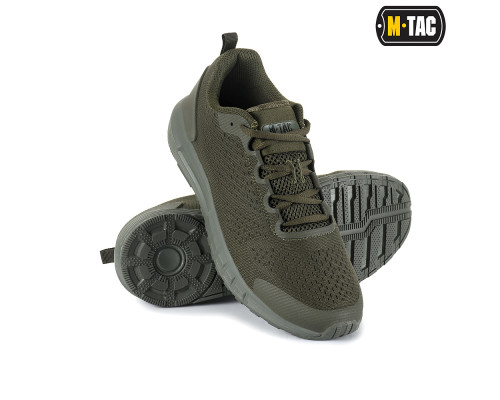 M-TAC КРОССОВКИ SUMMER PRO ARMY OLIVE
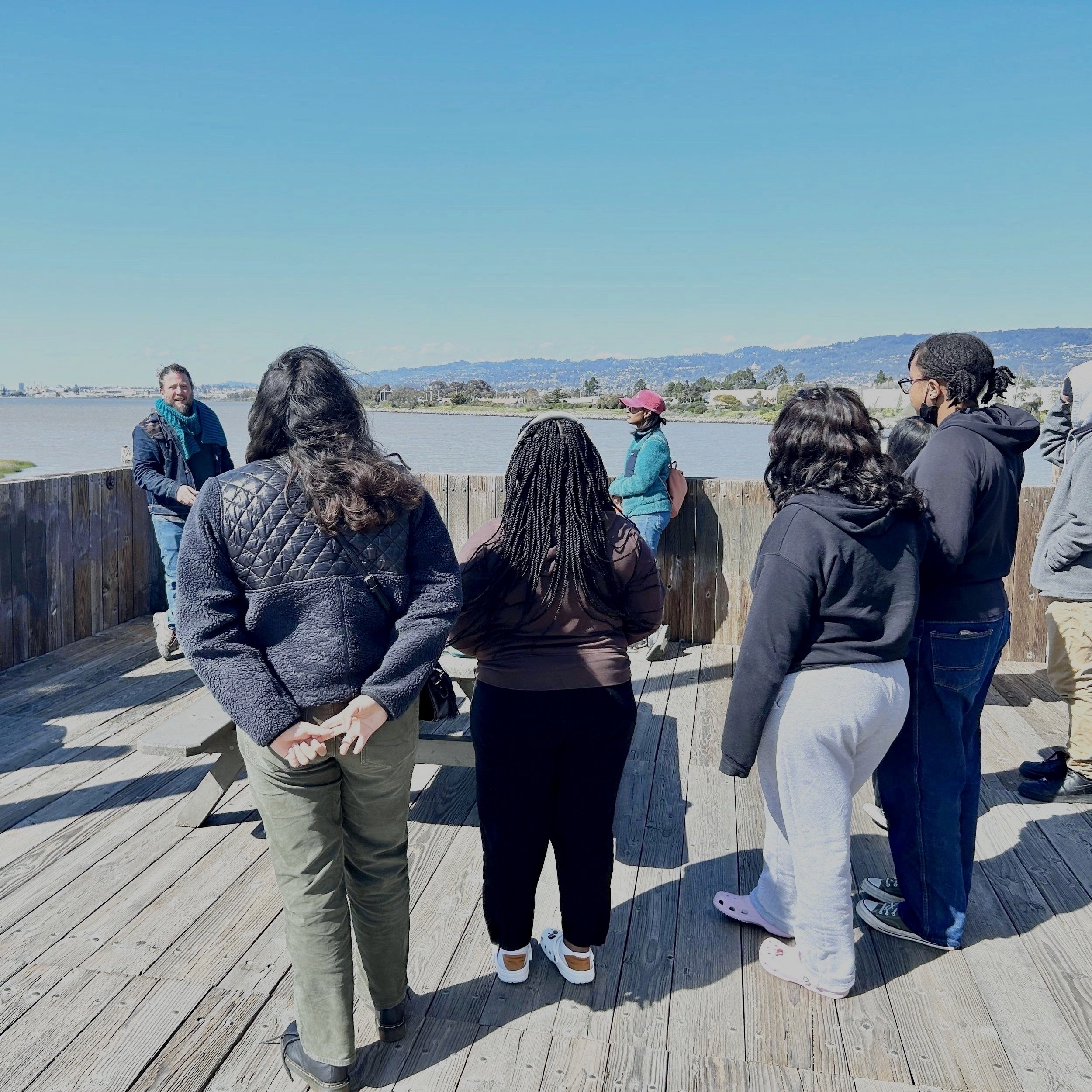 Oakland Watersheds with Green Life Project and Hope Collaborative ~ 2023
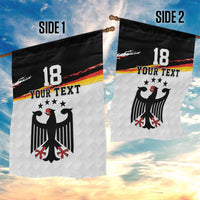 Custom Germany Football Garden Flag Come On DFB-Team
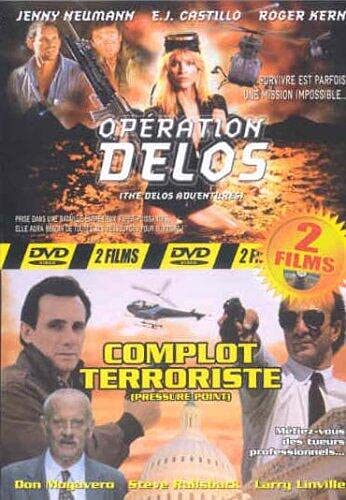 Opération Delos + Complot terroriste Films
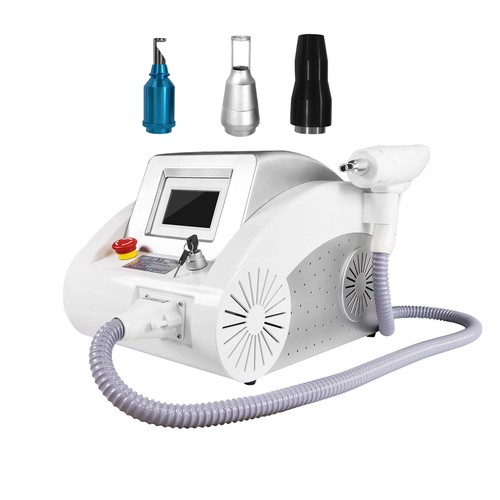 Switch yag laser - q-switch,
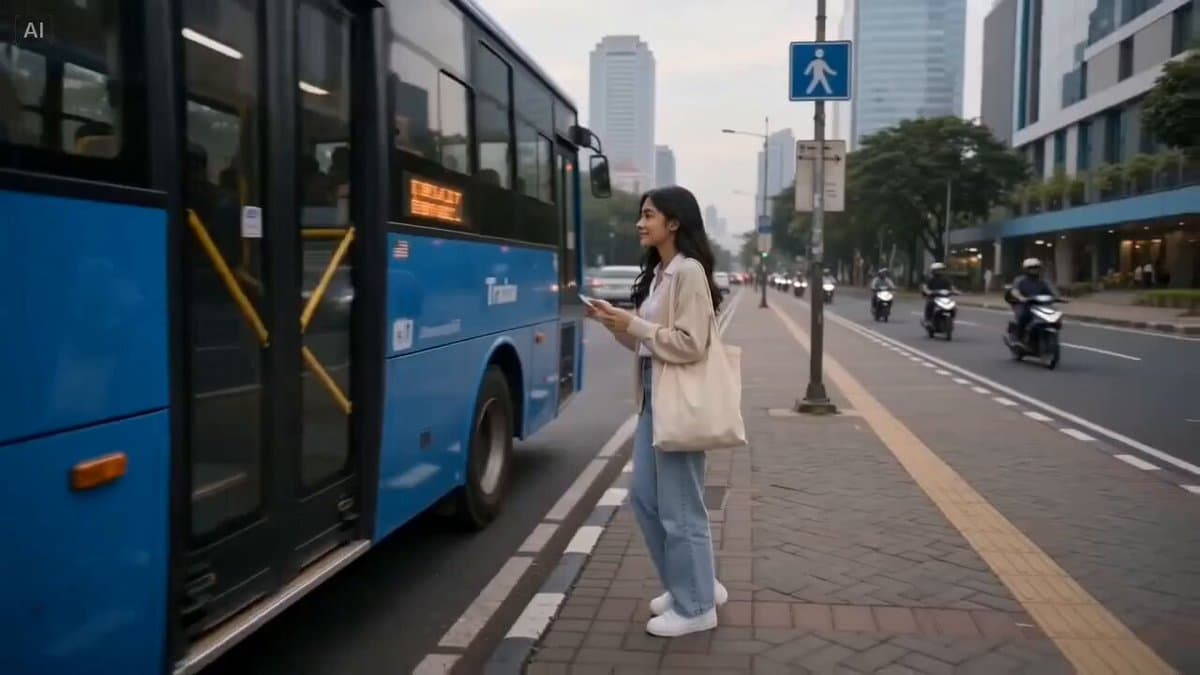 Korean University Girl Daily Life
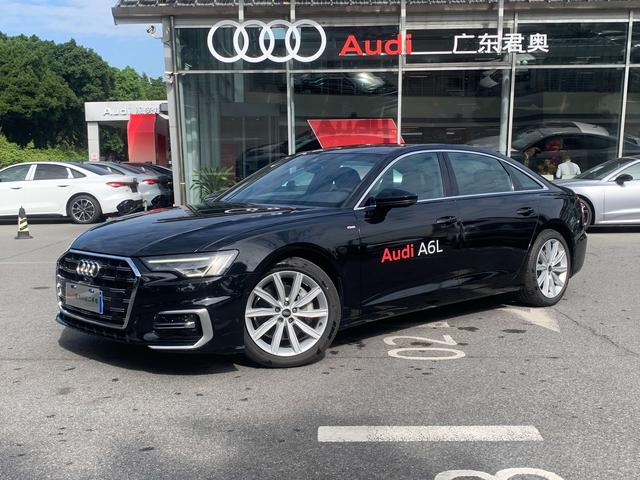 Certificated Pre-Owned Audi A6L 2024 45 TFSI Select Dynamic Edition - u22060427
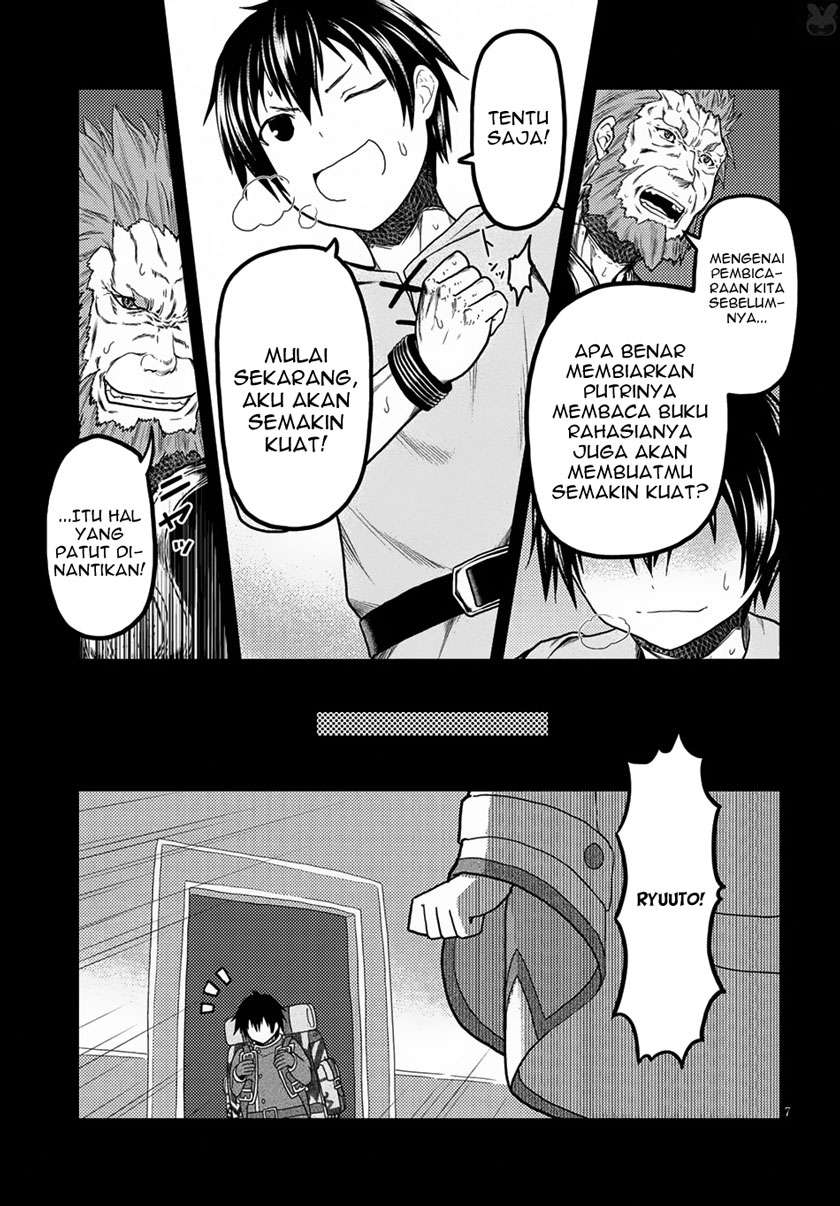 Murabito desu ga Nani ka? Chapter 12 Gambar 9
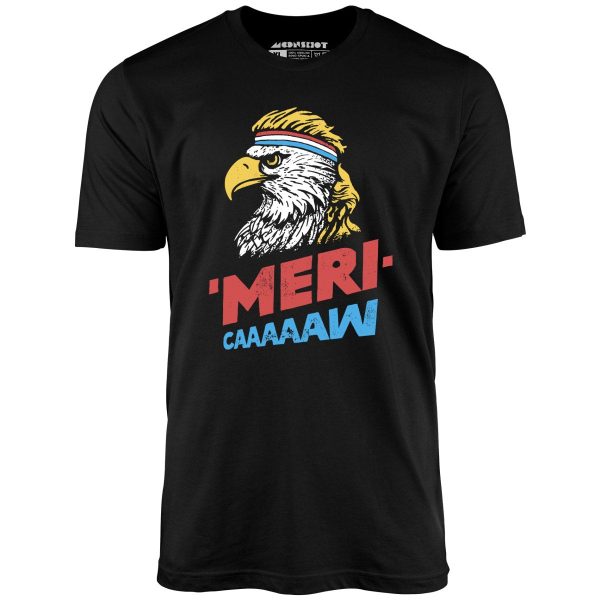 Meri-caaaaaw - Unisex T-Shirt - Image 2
============================================================
- [Your instructions]: Please copy, exactly as written, the lines from the one that contains "Switch yag laser" through the end of the records, both ends included. Do not include the pictures.

- [Solution to this problem]:
 Switch yag laser - q-switch,
 Korean University Girl Daily Life
 Certificated Pre-Owned Audi A6L 2024 45 TFSI Select Dynamic Edition - u22060427
 Murabito desu ga Nani ka? Chapter 12 Gambar 9
 Meri-caaaaaw - Unisex T-Shirt - Image 2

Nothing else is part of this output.